The phosphorylation site associated with the oxidation of exogenous donors of electrons to Photosystem I

Abstract

1. The Photosystem I-mediated transfer of electrons from diaminodurene, diaminotoluene and reduced 2,6-dichlorophenolindophenol to methylviologen is optimal at pH 8–8.5, where phosphorylation is also maximal. In the presence of superoxide dismutase, the efficiency of phosphorylation rises from ⩽ 0.1 at pH 6.5 to 0.6–0.7 at pH 8–8.5, regardless of the exogenous electron donor used. 2. The apparent K m (at pH 8.1) for diaminodurene is 6·10 −4 M and for diaminotoluene is 1.2·10 −3 M. The concentrations of diaminodurene and diaminotoluene required to saturate the electron transport processes are > 2 mM and > 5 mM, respectively.
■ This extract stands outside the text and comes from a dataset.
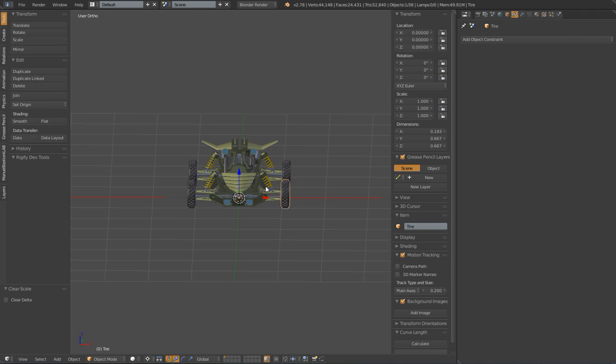Alright, now that we have got our mesh preparation taken care of, up next we can add our armature and start creating our rig. Until then, good luck.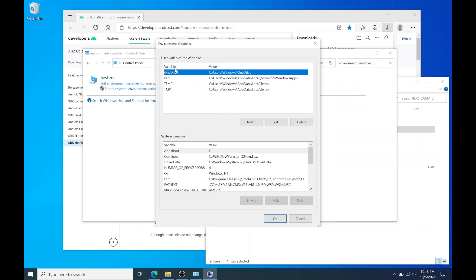And under the variable column look for path. Highlight it and hit edit.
At these higher electron donor concentrations the rates of electron transport are markedly increased by phosphorylation (1.5-fold) or by uncoupling conditions (2-fold). 3. Kinetic analysis of the transfer of electrons from reduced 2,6-dichlorophenolindophenol (DCIPH 2) to methylviologen indicates that two reactions with very different apparent K m values for DCIPH 2 are involved. The rates of electron flux through both pathways are increased by phosphorylation or uncoupling conditions although only one of the pathways is coupled to ATP formation. No similar complications are observed when diaminodurene or diaminotoluene serves as the electron donor. 4. In the diaminodurene → methylviologen reaction, ATP formation and that part of the electron transport dependent upon ATP formation are partially inhibited by the energy transfer inhibitor HgCl 2. This partial inhibition of ATP formation rises to about 50% at less than 1 atom of mercury per 20 molecules of chlorophyll, then does not further increase until very much higher levels of mercury are added. 5. It is suggested that exogenous electron donors such as diaminodurene, diaminotoluene and DCIPH 2 can substitute for an endogenous electron carrier in donating electrons to cytochrome f via the mercury-sensitive coupling site (Site I) located on the main electron-transporting chain. If this is so, there would seem to be no reason for postulating yet another coupling site on a side branch of the electron transport chain in order to account for cyclic photophosphorylation.